====== Data records ======

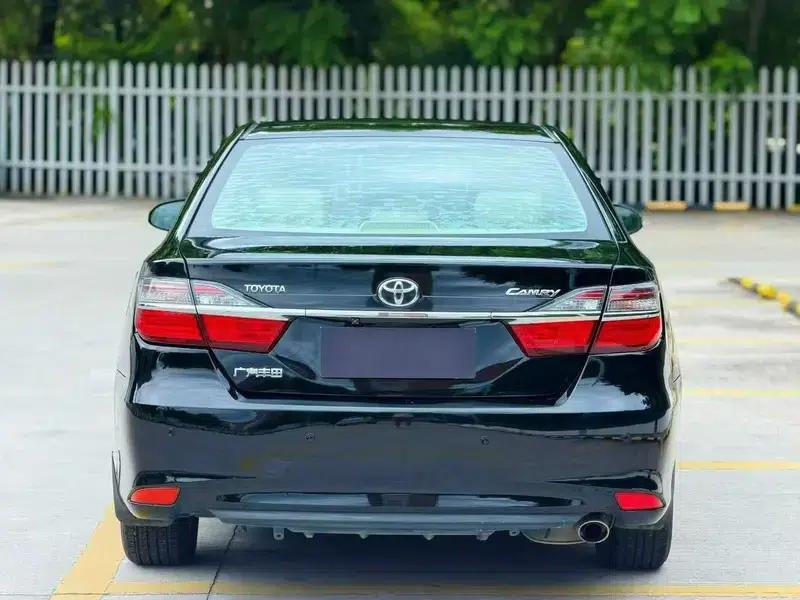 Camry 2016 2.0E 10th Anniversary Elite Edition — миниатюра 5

======
====== Data records ======

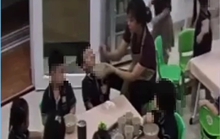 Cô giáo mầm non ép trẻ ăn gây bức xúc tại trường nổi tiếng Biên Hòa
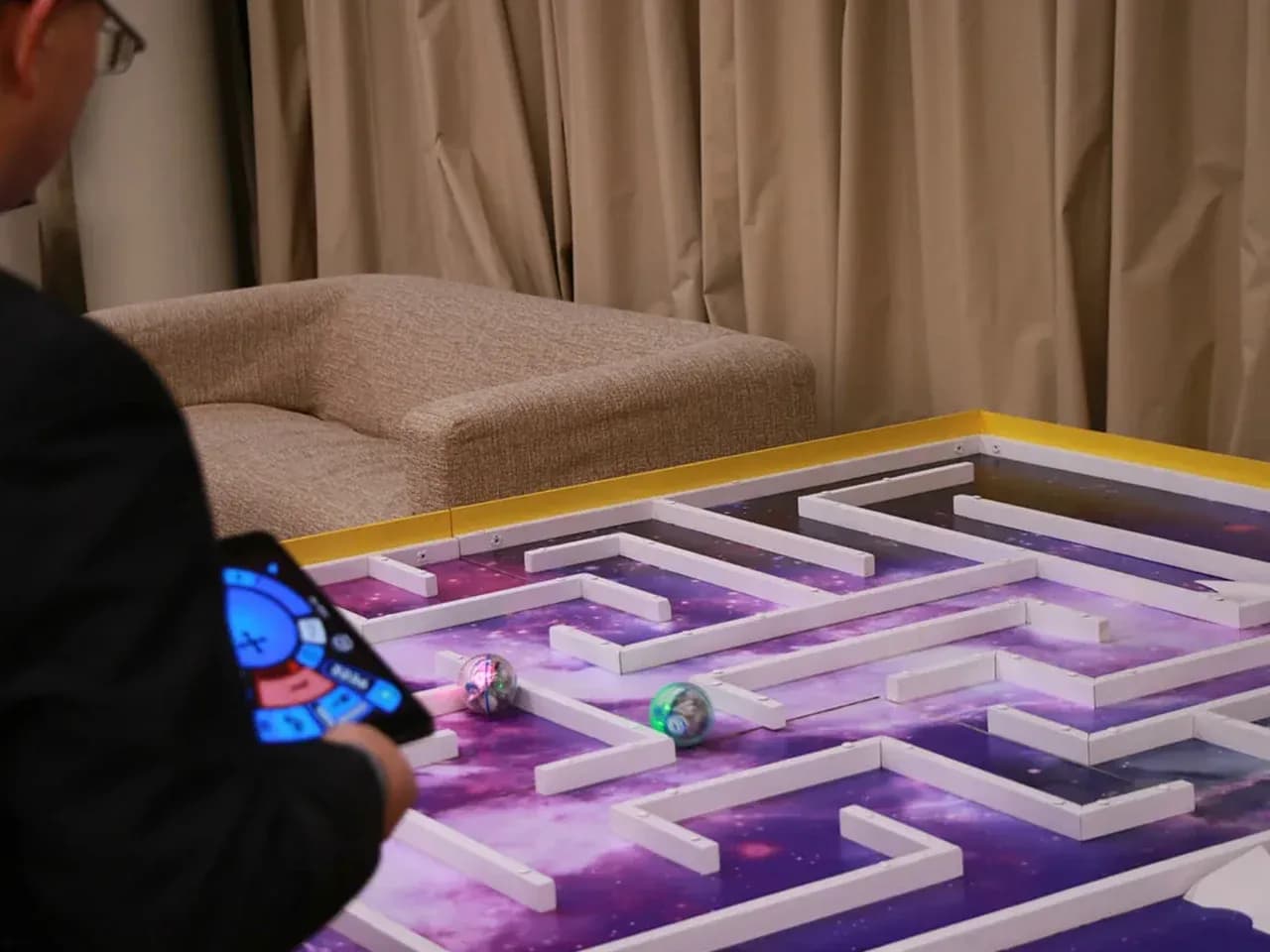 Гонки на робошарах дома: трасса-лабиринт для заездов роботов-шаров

======
====== Data records ======

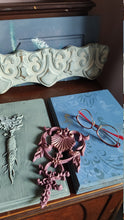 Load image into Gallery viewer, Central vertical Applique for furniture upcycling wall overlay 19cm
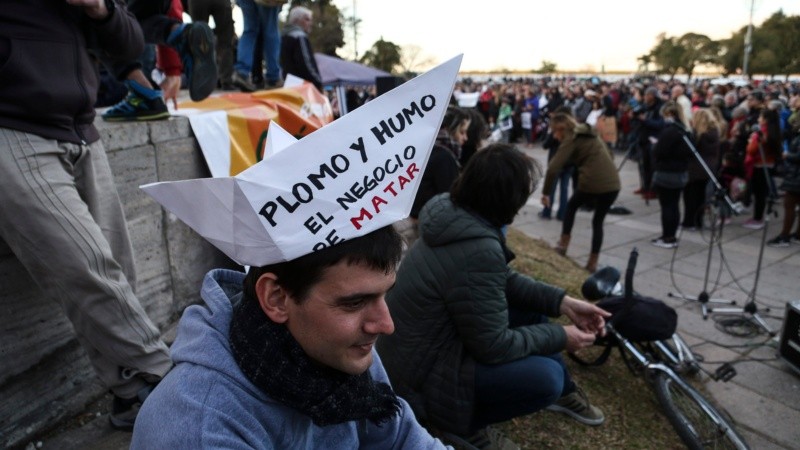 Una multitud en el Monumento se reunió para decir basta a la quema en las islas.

======

_Try it_. Would you output the lines above from the line holding "Load image into" up to and including the line holding "Una multitud en", exactly and only those, with no pictures?

_Result below_.
 Load image into Gallery viewer, Central vertical Applique for furniture upcycling wall overlay 19cm
 Una multitud en el Monumento se reunió para decir basta a la quema en las islas.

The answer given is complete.